ABSTRACT: The purpose of the paper is to document experiences of using XSLT and DOM in document transformations. The case environment in the experiments is a fictional company, Poem Publishers, Inc., which publishes Finnish poems on the Web. The paper describes the publishing process, which requires several different schemas for editing, archiving and presentation purposes even for such simple publications as poems. Technical environment is based on Microsoft Tools such as IIS 5.0 Internet Server, MSXML 3.0 parser, ASP 3.0 technology and Internet Explorer 5.5. The paper discusses also discovered problems related to rapidly evolving software products, difficulties with semi-manual parser installation and problems with character encodings and external entities in transformations.

Introduction

XML (eXtensible Markup Language) together with supporting technologies, such as CSS (Cascading Style Sheets) or XSL (eXtensible Stylesheet Language) for adding layout, and XSLT (XSL Transformations) and DOM (Document Object Model) for document transformations, forms a foundation for general multichannel document publishing both on paper and on the Web. In this paper we discuss experiences of a case study, in which the Microsoft technologies and tools [MI01] were used for experimental publishing of poems. Although the technologies seemed to do well for many of the tasks they were needed, it was found in the study that there are still some problems, which hamper the publishing process. The problems were largely due to the immaturity of the tools, for example, the limited level of support for the standards in the tools caused sometimes problems, which forced us to use non-standard solutions.

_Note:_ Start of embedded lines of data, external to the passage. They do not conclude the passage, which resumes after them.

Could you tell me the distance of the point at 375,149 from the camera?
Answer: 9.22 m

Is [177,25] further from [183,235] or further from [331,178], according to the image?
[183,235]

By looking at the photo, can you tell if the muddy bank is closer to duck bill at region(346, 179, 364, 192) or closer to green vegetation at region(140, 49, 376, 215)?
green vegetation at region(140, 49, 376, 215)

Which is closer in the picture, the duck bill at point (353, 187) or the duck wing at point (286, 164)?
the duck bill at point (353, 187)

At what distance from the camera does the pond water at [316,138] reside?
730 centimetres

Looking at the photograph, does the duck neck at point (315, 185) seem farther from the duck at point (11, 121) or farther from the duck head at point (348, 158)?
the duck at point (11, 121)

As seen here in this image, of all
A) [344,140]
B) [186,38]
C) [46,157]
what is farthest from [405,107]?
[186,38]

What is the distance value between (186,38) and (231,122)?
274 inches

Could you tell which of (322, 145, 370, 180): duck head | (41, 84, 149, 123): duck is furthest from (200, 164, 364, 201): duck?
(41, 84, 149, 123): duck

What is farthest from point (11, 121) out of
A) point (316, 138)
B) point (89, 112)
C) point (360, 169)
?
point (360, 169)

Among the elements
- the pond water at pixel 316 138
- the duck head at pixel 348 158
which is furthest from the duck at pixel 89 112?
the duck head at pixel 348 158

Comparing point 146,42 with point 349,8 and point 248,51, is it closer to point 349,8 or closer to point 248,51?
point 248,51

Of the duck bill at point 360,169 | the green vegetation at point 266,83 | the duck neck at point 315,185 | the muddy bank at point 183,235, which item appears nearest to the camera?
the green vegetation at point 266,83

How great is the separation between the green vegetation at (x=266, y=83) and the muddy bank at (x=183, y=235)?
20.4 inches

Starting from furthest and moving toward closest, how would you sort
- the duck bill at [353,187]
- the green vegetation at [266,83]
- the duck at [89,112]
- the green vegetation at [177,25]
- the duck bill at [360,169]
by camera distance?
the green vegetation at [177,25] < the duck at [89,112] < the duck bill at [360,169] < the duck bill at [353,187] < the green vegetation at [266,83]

In the following Section we describe Poem Publishers, Inc., and the structure of the poems it publishes. The publishing environment of the company is further explained on Section 3, while in Section 4 we take a look at the transformations in general, and especially in Poem Publishers, Inc. Experiences and problems found during the case study are discussed in Section 5. Finally, in Section 6 we summarize the lessons we learned during the implementation of the publishing system.

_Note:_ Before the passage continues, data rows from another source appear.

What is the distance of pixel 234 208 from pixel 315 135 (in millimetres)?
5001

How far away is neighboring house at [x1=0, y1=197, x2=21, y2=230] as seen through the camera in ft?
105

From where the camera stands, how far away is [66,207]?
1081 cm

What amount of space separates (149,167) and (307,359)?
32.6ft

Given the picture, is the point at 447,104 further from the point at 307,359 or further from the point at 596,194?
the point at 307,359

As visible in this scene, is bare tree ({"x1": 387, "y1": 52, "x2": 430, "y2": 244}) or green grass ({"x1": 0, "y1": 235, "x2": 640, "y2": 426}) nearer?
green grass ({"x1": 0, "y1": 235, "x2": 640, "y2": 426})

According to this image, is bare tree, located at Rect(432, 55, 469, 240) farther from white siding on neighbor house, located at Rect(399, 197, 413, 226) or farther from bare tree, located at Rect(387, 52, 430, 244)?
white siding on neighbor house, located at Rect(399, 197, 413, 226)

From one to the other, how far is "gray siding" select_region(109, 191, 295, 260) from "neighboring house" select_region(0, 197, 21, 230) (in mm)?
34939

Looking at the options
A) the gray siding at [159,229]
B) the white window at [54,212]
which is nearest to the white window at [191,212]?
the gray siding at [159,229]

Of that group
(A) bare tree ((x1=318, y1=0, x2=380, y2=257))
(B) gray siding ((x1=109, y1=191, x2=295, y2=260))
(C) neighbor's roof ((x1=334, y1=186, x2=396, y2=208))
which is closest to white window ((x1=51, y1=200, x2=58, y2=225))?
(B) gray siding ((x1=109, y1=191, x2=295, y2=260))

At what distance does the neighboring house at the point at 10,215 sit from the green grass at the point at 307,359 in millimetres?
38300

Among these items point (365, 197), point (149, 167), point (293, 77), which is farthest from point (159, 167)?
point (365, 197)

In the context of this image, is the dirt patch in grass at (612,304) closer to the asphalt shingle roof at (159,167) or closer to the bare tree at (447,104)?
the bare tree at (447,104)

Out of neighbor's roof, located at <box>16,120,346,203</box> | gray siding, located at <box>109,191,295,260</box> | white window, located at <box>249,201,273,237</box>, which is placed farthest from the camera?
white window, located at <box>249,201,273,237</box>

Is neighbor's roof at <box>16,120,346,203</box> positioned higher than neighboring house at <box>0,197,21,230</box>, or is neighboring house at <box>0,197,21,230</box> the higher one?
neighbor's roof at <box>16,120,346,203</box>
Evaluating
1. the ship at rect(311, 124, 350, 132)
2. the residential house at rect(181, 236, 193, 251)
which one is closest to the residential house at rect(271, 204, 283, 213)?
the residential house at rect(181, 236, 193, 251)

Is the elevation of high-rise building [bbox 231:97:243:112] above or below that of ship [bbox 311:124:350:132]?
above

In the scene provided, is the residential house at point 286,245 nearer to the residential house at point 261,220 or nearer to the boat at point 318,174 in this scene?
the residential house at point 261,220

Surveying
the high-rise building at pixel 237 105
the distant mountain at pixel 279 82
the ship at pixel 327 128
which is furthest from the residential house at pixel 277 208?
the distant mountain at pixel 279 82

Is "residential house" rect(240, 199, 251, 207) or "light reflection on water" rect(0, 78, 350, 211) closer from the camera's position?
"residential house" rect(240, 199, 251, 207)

Poems for Poem Publishers, Inc.

Poem Publishers, Inc. is a fictional company, whose mission is to publish Finnish poems on WWW (World-Wide Web). The company publishes poems authored by several poets, only requirement is that the form of the poems must be traditional, i.e. no fancy layouts are allowed.

The poets are free to use whatever text-processing tool they want while writing their poems. However, Poem Publishers, Inc. recommends some XML editor to be used, because that way the quality of the XML format can be ensured. In order to ensure a smooth publishing process, the Poem Publishers, Inc. has developed an XML DTD (Document Type Definition) of its own, which all the poets should use at least when sending their poems to the company. If they choose to use the same DTD in their authoring the poets can use the authoring environment offered by Poem Publishers, Inc., which is especially designed for XML editor called XMetaL [SQ01]. In the DTD of the Poem Publishers, Inc. there are elements for the title of the poem, name or pseudonym of the poet, link to the poets homepage, and possible graphic. Attributes of the link element are from XLink namespace. The poem itself should consist of one or more verses consisting one or more lines each. The verses can be repeatable if so indicated by an attribute. For now there are three kinds of poems: classic, children's poem, or other. fig01 shows the elements of the Poem.dtd in a graphical form by created by Near & Far Designer 3.0 [OT01].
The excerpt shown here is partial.